«A melhor força para transformar o mundo é que cada um de nós se deixe converter radicalmente» – padre Gonçalo Abreu Rocha

O padre Gonçalo Abreu Rocha, de 57 anos, é o novo vigário regional do Opus Dei em Portugal, após nomeação pelo responsável mundial desta prelatura pessoal da Igreja Católica, no dia 18 de maio. Em entrevista à Agência ECCLESIA, aborda o seu percurso de vida, até esta nova missão, e as prioridades que se colocam ao futuro imediato, desde a JMJ 2023 ao Sínodo, passando pela implementação das orientações do Papa para a própria prelatura

Foto: Opus Dei

Que missão é esta de ser novo vigário regional do Opus Dei em Portugal e como encara a confiança que foi depositada em si?

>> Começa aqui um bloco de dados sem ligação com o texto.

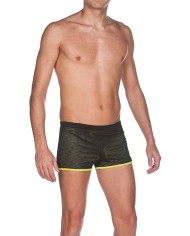 Arena M Square Cut Drag Suit Erkek Antrenman Mayosu | Sporsuit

Ser chamado para esta função traduz-se um pouco em mixed feelings (sentimentos mistos), porque é, ao mesmo tempo, uma apreensão e uma segurança. Apreensão, pelas vertigens da fragilidade pessoal. Segurança, porque Deus é mais forte do que a nossa pequenez e porque conto com a oração de muitos e a preciosa ajuda de alguns colaboradores.

O vigário regional, como representante no país do Prelado do Opus Dei, serve o carisma que Deus, na Igreja, confiou ao nosso fundador, S. Josemaria Escrivá: alertar pessoas de todas as condições para a grandeza da vida quotidiana vivida como filhos de Deus, à imagem de Cristo, que até aos 30 anos foi Deus a viver como cidadão e trabalhador comum.

É uma vigilância pastoral que acompanha os fiéis do Opus Dei nesse propósito. Sobretudo através de uma formação que procura o reforço do conhecimento da fé, o crescimento na vida de oração e o compromisso no serviço aos outros. Tudo isto em união com o Papa e os Bispos, pois o amor à unidade, segundo uma expressão que muito usou S. Josemaria, deve ser uma “paixão dominante”.

 

Como é que o Opus Dei entrou na sua vida?

De forma muito suave e natural. Um dos meus irmãos foi quem me deu a conhecer a formação religiosa católica do Opus Dei. Eu era adolescente. E gostei. Tinha mais exemplos de fé na minha família, mas daquela vez é como se tudo isso ganhasse maior frescura, e interesse. E cativou-me.

Foi tudo a pouco e pouco. Rezar um pouco mais, e um pouco melhor. Deixar Deus entrar mais na vida e no coração. Uns anos depois decidi aceitar o que me pareceu, e ainda parece, o projeto que Deus traçou para mim.

 

Experimentou, em Roma, a dimensão universal da prelatura. Vai trazer algo dessa visão para a sua nova missão?

É verdade que foi muito importante para mim ter lidado, ao longo de 14 anos, com pessoas de todos os continentes. Fui vice-reitor do Seminário do Opus Dei durante sete anos, e a esse seminário vão habitualmente pessoas com estudos superiores completados e outras com vários anos de experiência profissional. É, pois, um encontro de modos muito diferentes de ver e de viver. E é também uma maneira muito especial de conhecer a diversidade das culturas e mesmo a forma diferente de viver a mesma fé no mundo.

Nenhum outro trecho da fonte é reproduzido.